Swedish gambling operators to be allowed to process personal data related to legal offences

The new rules for processing data will apply from February.
The new rules for processing data will apply from February.

The Swedish Gambling Act will be updated to incorporate new measures on the use of data.

Sweden.- The Swedish Parliament has approved changes to the Gambling Act of 2018 to allow operators to process customers’ personal data to detect legal offences. The move allows licenced operators to process data relating to legal violations “under certain circumstances”, including for the detection of criminal activity, the monitoring of suspicious betting, preventing match-fixing and enforcing legal compliance.

No motions were submitted in opposition to the move, which will be introduced from February 1, 2025. Licensees will be able to monitor gambling accounts for unusual betting behaviours and help authorities detect incidents of match-fixing and sports corruption.

Licensees must have detected illegal activity on the account in question in order to process the data. Under existing rules, operators must ensure that data processing is restricted to what is necessary for the stated purposes. The move comes after the Swedish government created a new data-sharing platform intended to help tackle match-fixing and corruption in sports.

Last month, Riksrevisionen, Sweden’s national audit office, delivered its report on the country’s gambling regulator Spelinspektionen. It concluded that the regulator needs to do more to monitor licensed gambling, but also suggested that the government needed to better define illegal gambling.

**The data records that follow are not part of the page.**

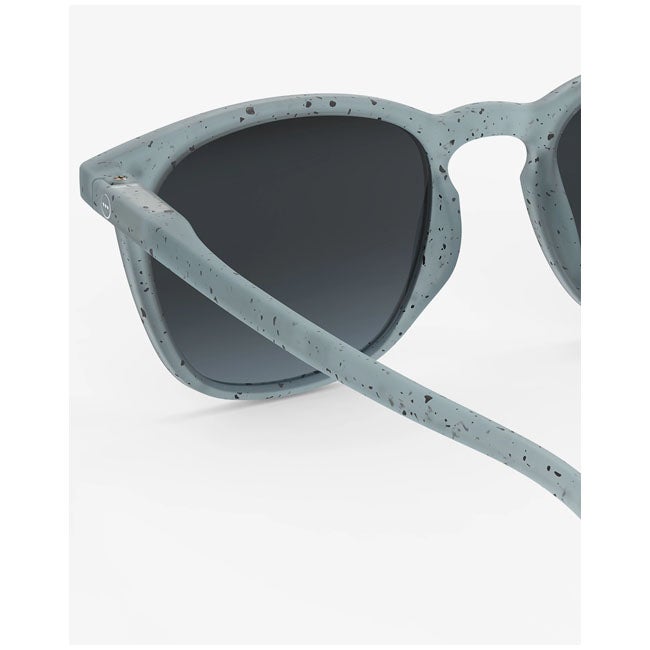 IZIPIZI E SUN WASHED DENIM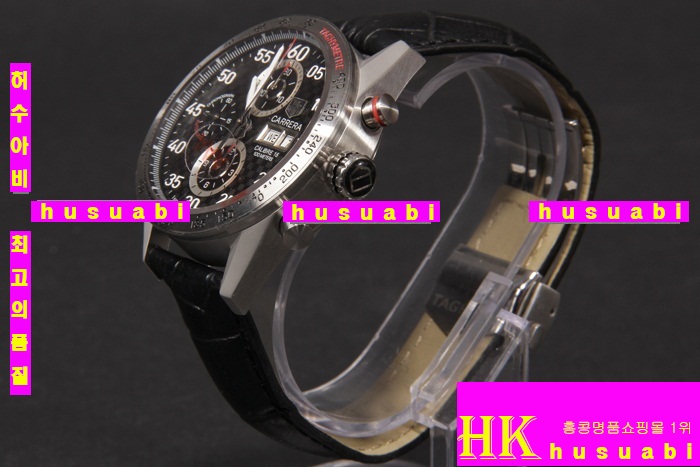 �±�ȣ�̾� �ð� ����Ʈ���� TA5578-4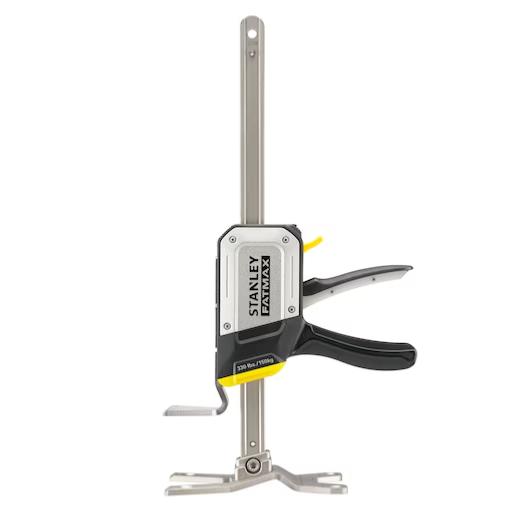 Lève Express Fatmax - Tradelift - Jusqu'à 150 kgs - Hauteur de Travail 7-220 mm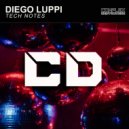 Diego Luppi - Tech Notes (Original Mix)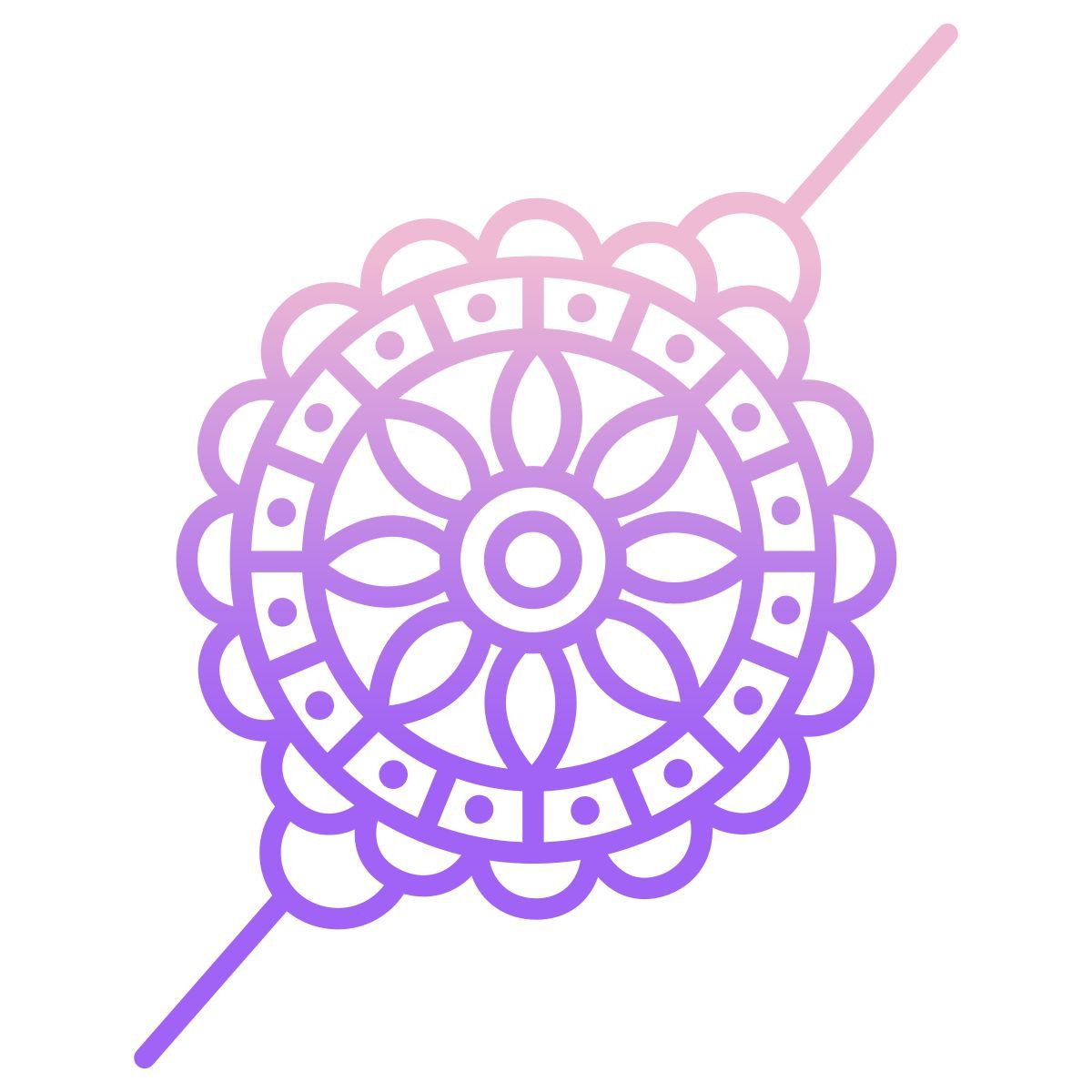 rakhi icon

It found that the regulator has often not been effective enough to meet its objectives. One of the faults identified was a lack of inspections of licensees.

Spelinspektionen has reported that revenue from gambling in Sweden reached SEK6.66bn (€574m) in Q3. That’s a decline of 1.3 per cent year-on-year and the lowest total since Q1 of last year. The drop was due to a fall in land-based gambling revenue, particularly Svenska Spel’s land-based casino brand Casino Cosmopol, which closed two of its three venues at the start of the year.